Wein und Ferien – zwei Themen, die sich gut miteinander verbinden lassen. So ging ich letztes Wochenende das erste Mal mit meinen Wein-Freunden auf Tour. Michel Gygax vom Weinerlei und Manuel Pfund von Aromi Terziari organisierten das Reisli. Falls ihr euch einen Car, 30 alte Leute – beige gekleidet – mit einem Halsbändeli inkl. Glashalterung vorstellt, muss ich euch enttäuschen. Die Weinreisen die die beiden Herren durchführen, sind klein und fein. In diesem Fall waren wir sechs Personen, alles Freunde und/oder Mitglieder des Weinklubs Weinerlei – ganz flotte Menschen.

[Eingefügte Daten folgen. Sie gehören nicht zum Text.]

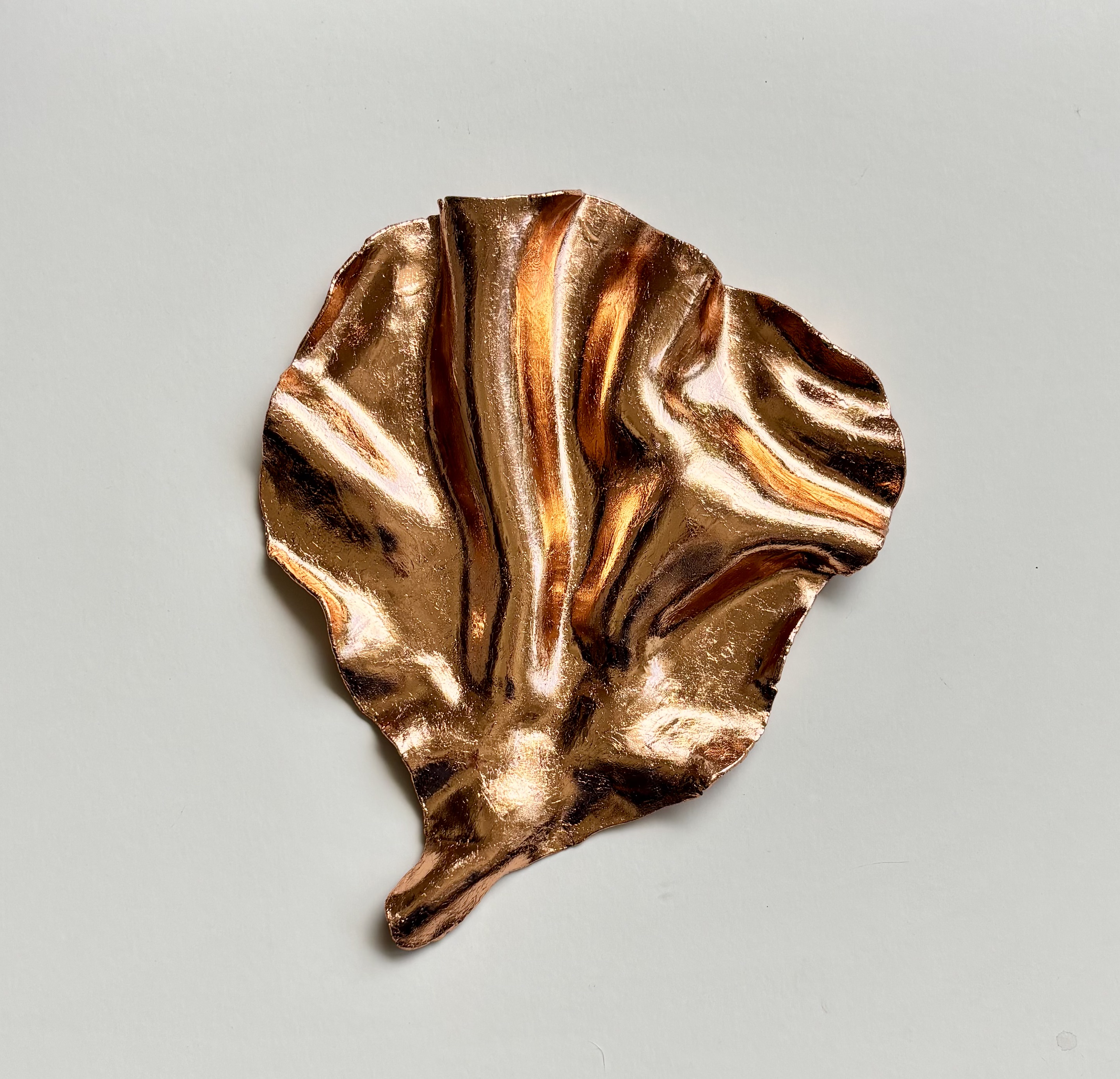 Ceramic Wall Sculpture with Copper Leaf, 35 x 41 cm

Also gingen wir für drei Tage nach Süddeutschland, Hauptsitz Kaiserstuhl. Kaiserstuhl und seine Umgebung sind bekannt für Burgundersorten, vom Weissburgunder (Pinot Blanc), über Grauburgunder (Pinot Gris) bis zum Spätburgunder (Pinot Noir). Ausserdem ist es das sonnenreichste Weingebiet Deutschlands.
1. tag: stressfreie hasen
Auf dem Weg nach Kaiserstuhl fahren wir durchs Markgräflerland und machen auf dem Weingut Lämmlin-Schindler Halt. Das Bio-Weingut ist ein Familienbetrieb und gehört zum VDP. VDP steht für Verein Deutscher Prädikatsweingüter – sozusagen eine Garantie für gute Weine. Herr Schindler, Winzer und Gutsbesitzer, empfängt uns sec, aber freundlich und führt uns durch sein Sortiment. Er ist ein Perfektionist, das erzählen mir jedenfalls seine Weine. Obwohl das Sortiment ziemlich gross ist, bekommt jeder Wein die volle Aufmerksamkeit des Patrons und das Resultat ist entsprechend raffiniert. Überrascht hat mich der Merlot, hätte ich in Deutschland nicht erwartet. Interessant und vielschichtig.
Herr Schindler nimmt sich viel Zeit für uns, so viel, dass wir über eine Stunde zu spät im gegenüberliegenden Restaurant eintreffen. Stress scheint man auf dem Weingut Lämmlin-Schindler nicht zu kennen, sympa.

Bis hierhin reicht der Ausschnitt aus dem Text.